When you’re running a medical practice, whether it’s dental, OBGYN, dermatology, pediatrician, or any other specialty, you’re juggling more balls than you can count:
• Interviewing and hiring staff
• Finding the right PAs and nurses to add to your team
• Selecting and furnishing the right office space at the right price
• Ensuring all computer and insurance billing systems work smoothly
• Selecting the right advertising media
And of course – actually providing top-tier medical service to your patients!
Medical Practice Websites: Too important to forget!
On top of all that, you also need to figure out a budget for your practice’s website. How much should you pay? Is custom worth it? What about do-it-yourself options?
If you think back, you may remember wondering: is paying more for my site going to bring me more value, in terms of patients and revenue?
With everything else you have to juggle, you may let web design fall by the wayside and go with a default choice.
But, a solid web presence is critical for a modern, growing medical practice of any specialty.
You already know: that you only get one chance to make a great first impression, and in today’s digital age, your website is going to often be that first impression: professional, clear, informative, easy to use, easy on the eyes!
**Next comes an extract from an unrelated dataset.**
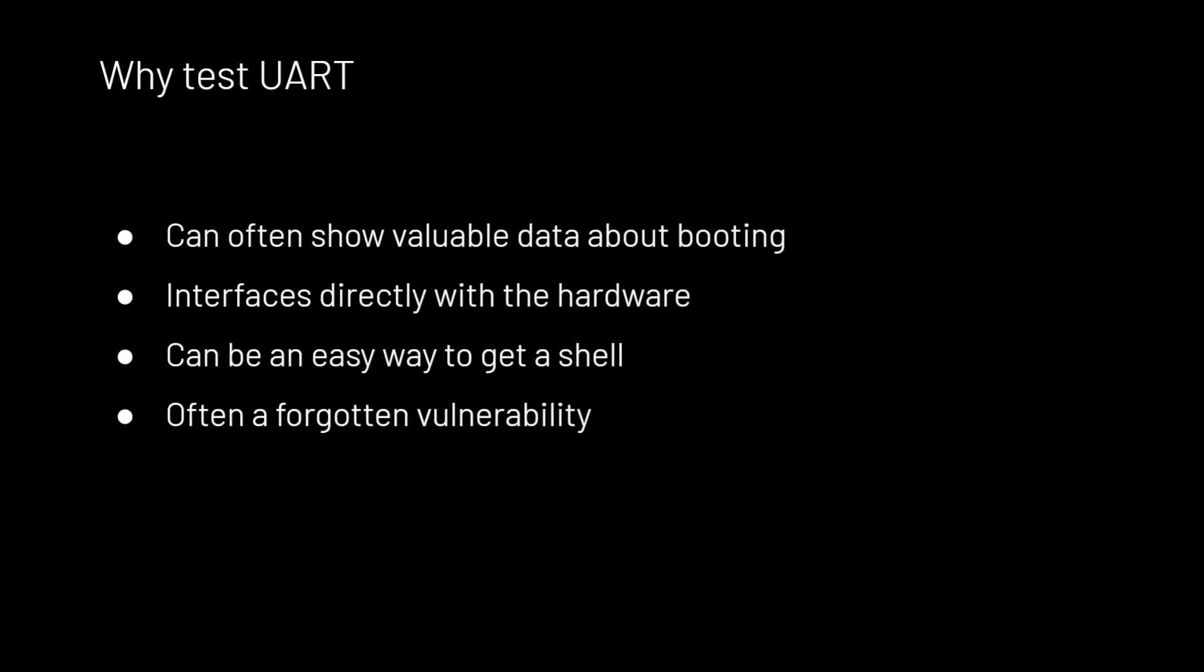So why is it important to test UART? It's important because it, at the very least, usually shows valuable data about the device when it is booting. UART is very noisy on boot because it will output a lot of the booting information because it is used for debugging as a developer.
How much does a medical or dental website cost? The real question: how much to invest!
Yes…how much do you spend to get that awesome website? The one that makes a prospective patient think, “This doctor/dentist looks like the most professional, knowledgeable, and qualified in my city. They can solve my or my child’s problems: I’m calling and booking an appointment now.”
To figure out how much to invest, I suggest that you think of your website as exactly that: an investment. Investments are different than consumer goods like hats, football tickets, or pizzas, in that they provide a return. You’re putting money into the investment, with the hope and expectation, that this prudent choice will provide you with more money, ongoing, in the future.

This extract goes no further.